Starting at the first line of the records and stopping at the line that contains "Calvin Klein Elaine", transcribe every line exactly and leave out the pictures.

Scraped caption text data
++++++++++++++++++++

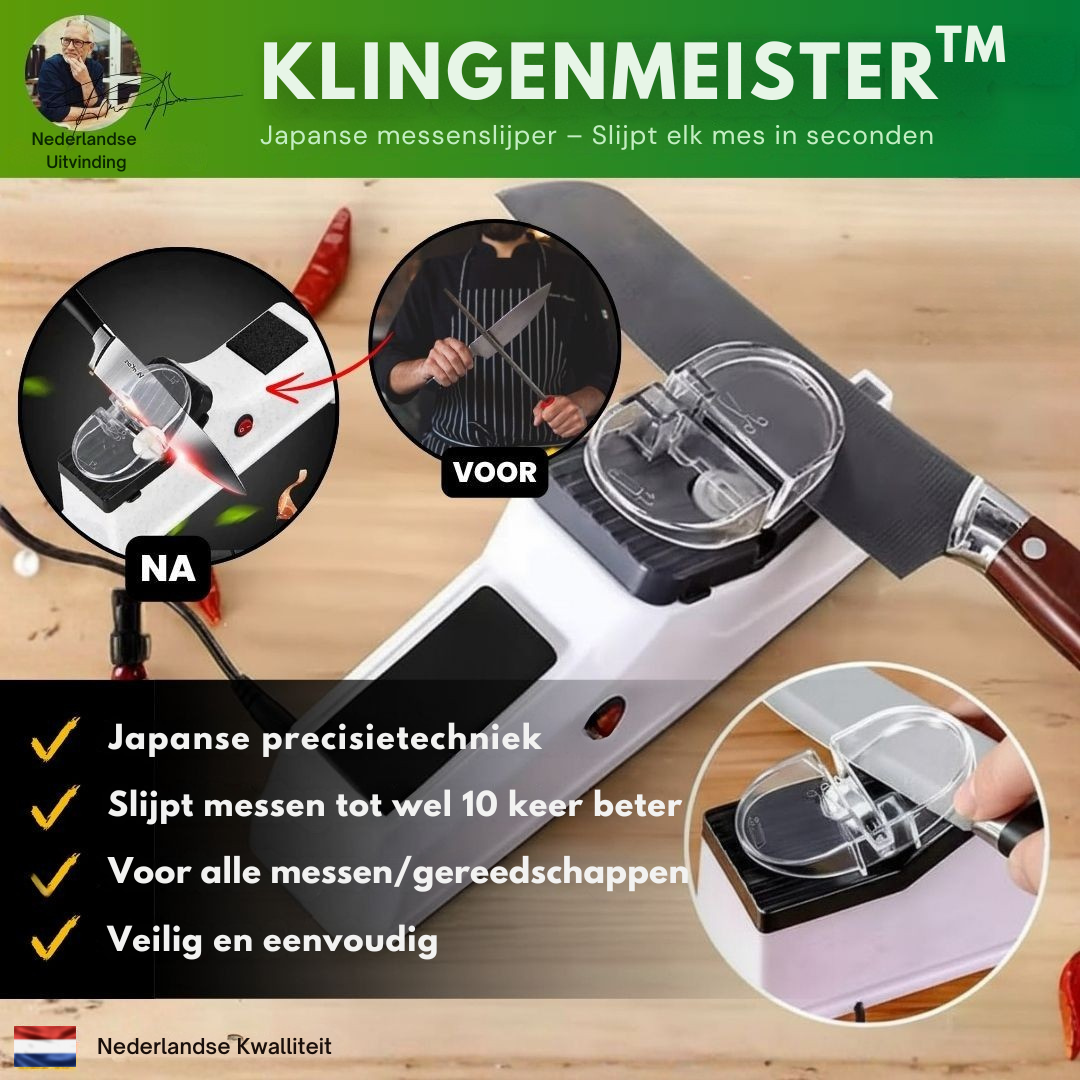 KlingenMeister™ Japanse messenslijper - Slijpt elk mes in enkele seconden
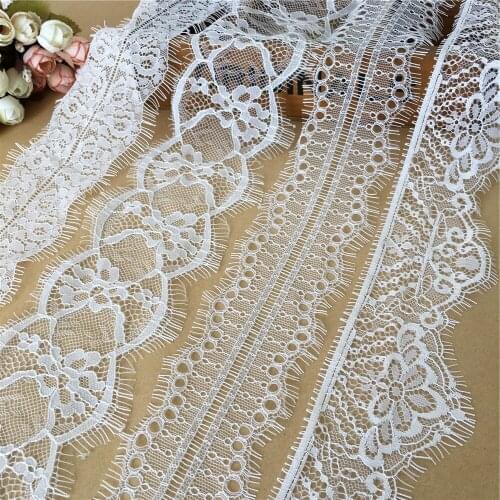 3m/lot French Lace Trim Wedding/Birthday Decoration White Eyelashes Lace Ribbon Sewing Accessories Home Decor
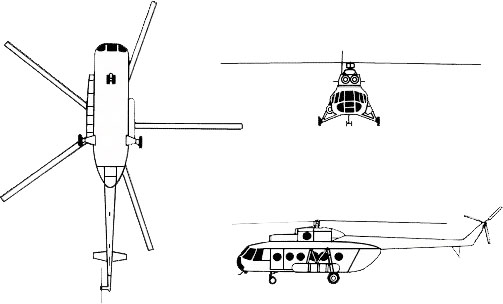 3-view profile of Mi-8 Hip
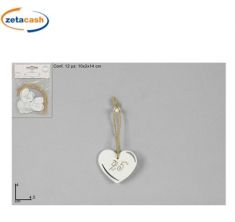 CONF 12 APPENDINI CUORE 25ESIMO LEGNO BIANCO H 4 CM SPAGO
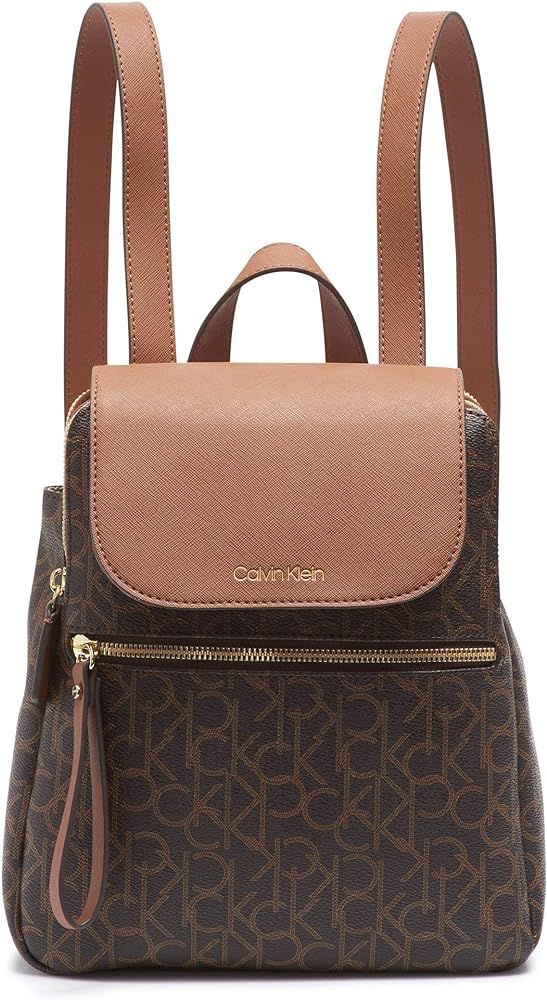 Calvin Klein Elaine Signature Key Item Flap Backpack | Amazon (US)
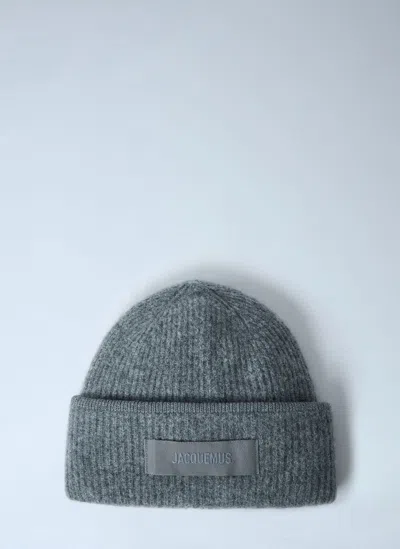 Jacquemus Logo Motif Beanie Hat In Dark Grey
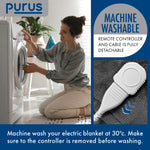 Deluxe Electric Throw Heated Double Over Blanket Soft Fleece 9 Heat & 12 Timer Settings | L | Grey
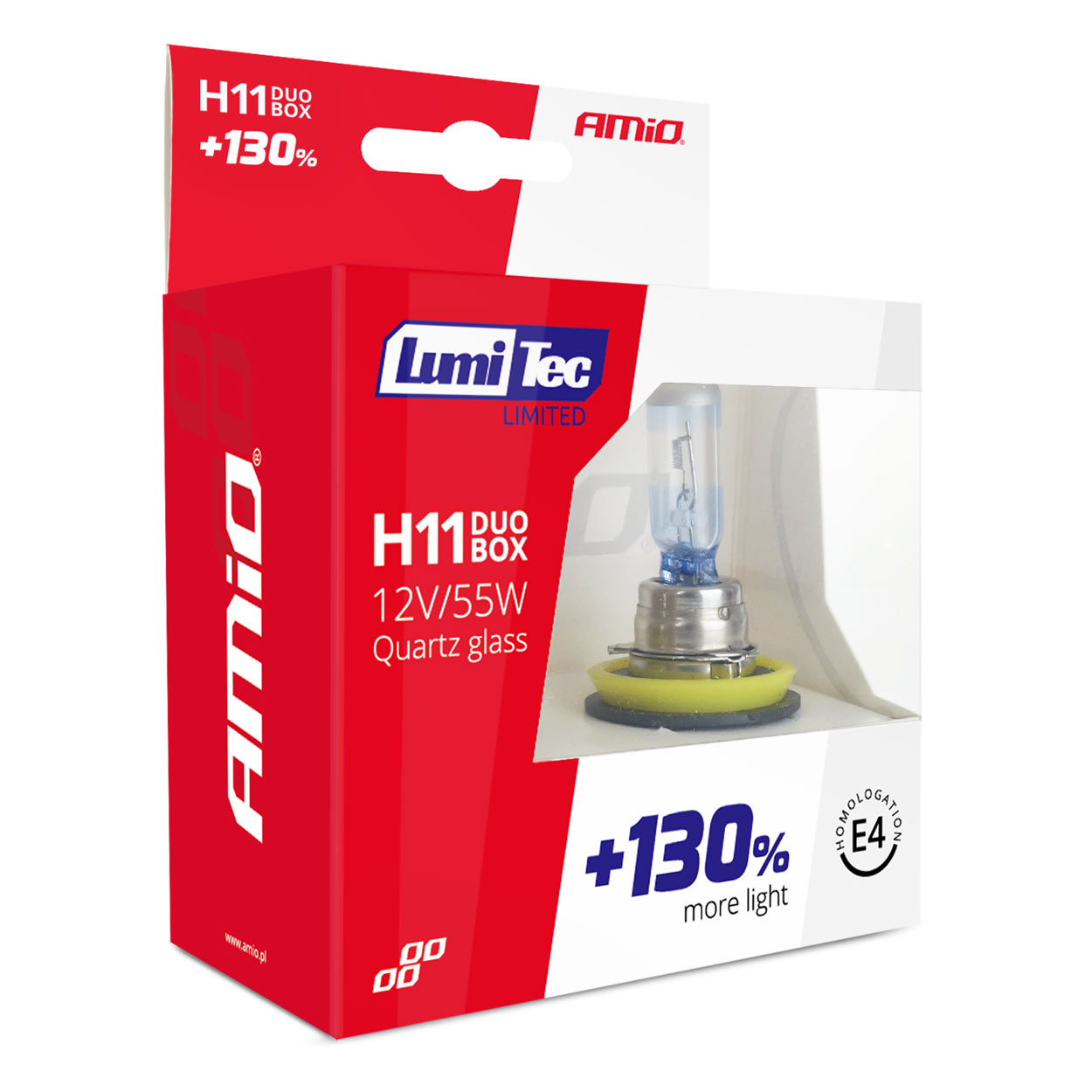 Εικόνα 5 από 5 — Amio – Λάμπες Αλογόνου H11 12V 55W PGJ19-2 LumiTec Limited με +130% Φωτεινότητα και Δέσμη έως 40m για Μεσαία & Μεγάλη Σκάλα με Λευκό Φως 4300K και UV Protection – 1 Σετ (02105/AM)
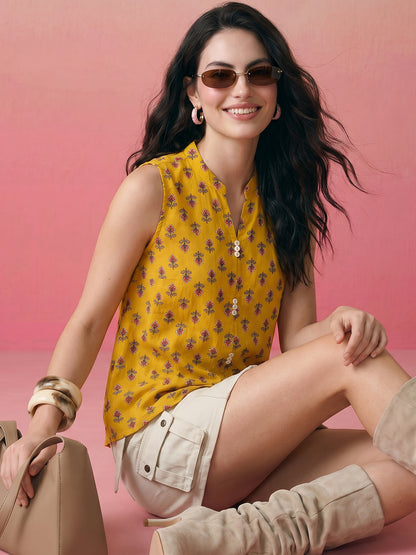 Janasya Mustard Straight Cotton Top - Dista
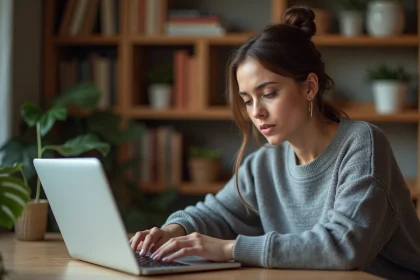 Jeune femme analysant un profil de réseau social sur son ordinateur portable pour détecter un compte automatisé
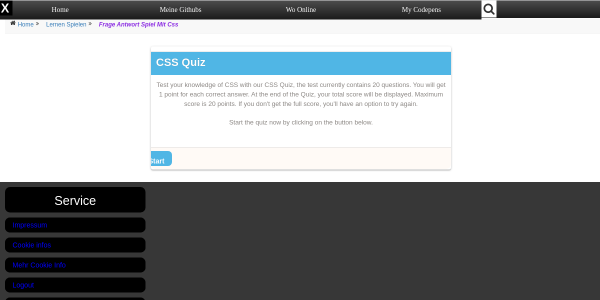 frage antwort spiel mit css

++++++++++++++++++++

## Response to this task
 KlingenMeister™ Japanse messenslijper - Slijpt elk mes in enkele seconden
 3m/lot French Lace Trim Wedding/Birthday Decoration White Eyelashes Lace Ribbon Sewing Accessories Home Decor
 3-view profile of Mi-8 Hip
 CONF 12 APPENDINI CUORE 25ESIMO LEGNO BIANCO H 4 CM SPAGO
 Calvin Klein Elaine Signature Key Item Flap Backpack | Amazon (US)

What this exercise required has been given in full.